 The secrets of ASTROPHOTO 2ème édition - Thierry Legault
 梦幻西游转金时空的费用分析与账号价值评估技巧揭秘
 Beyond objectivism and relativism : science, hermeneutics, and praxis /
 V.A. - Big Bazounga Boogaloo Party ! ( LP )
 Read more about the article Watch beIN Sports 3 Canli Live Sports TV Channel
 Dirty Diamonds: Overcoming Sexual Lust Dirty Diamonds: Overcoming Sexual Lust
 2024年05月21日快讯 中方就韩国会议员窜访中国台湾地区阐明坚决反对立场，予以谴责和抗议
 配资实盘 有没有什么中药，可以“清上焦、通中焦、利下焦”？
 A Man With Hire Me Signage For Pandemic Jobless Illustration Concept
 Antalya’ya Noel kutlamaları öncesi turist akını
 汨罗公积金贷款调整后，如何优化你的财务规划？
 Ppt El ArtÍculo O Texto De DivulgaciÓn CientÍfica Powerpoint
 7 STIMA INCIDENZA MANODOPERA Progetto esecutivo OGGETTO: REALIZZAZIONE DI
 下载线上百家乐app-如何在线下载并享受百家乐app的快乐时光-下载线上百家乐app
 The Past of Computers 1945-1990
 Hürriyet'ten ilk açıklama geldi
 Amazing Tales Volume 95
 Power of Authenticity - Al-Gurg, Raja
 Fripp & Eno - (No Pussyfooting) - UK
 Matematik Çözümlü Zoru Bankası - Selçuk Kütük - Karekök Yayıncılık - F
··········
# Exercise objective
The records above should be repeated exactly. Print them all.

# Answer to this exercise
 The secrets of ASTROPHOTO 2ème édition - Thierry Legault
 梦幻西游转金时空的费用分析与账号价值评估技巧揭秘
 Beyond objectivism and relativism : science, hermeneutics, and praxis /
 V.A. - Big Bazounga Boogaloo Party ! ( LP )
 Read more about the article Watch beIN Sports 3 Canli Live Sports TV Channel
 Dirty Diamonds: Overcoming Sexual Lust Dirty Diamonds: Overcoming Sexual Lust
 2024年05月21日快讯 中方就韩国会议员窜访中国台湾地区阐明坚决反对立场，予以谴责和抗议
 配资实盘 有没有什么中药，可以“清上焦、通中焦、利下焦”？
 A Man With Hire Me Signage For Pandemic Jobless Illustration Concept
 Antalya’ya Noel kutlamaları öncesi turist akını
 汨罗公积金贷款调整后，如何优化你的财务规划？
 Ppt El ArtÍculo O Texto De DivulgaciÓn CientÍfica Powerpoint
 7 STIMA INCIDENZA MANODOPERA Progetto esecutivo OGGETTO: REALIZZAZIONE DI
 下载线上百家乐app-如何在线下载并享受百家乐app的快乐时光-下载线上百家乐app
 The Past of Computers 1945-1990
 Hürriyet'ten ilk açıklama geldi
 Amazing Tales Volume 95
 Power of Authenticity - Al-Gurg, Raja
 Fripp & Eno - (No Pussyfooting) - UK
 Matematik Çözümlü Zoru Bankası - Selçuk Kütük - Karekök Yayıncılık - F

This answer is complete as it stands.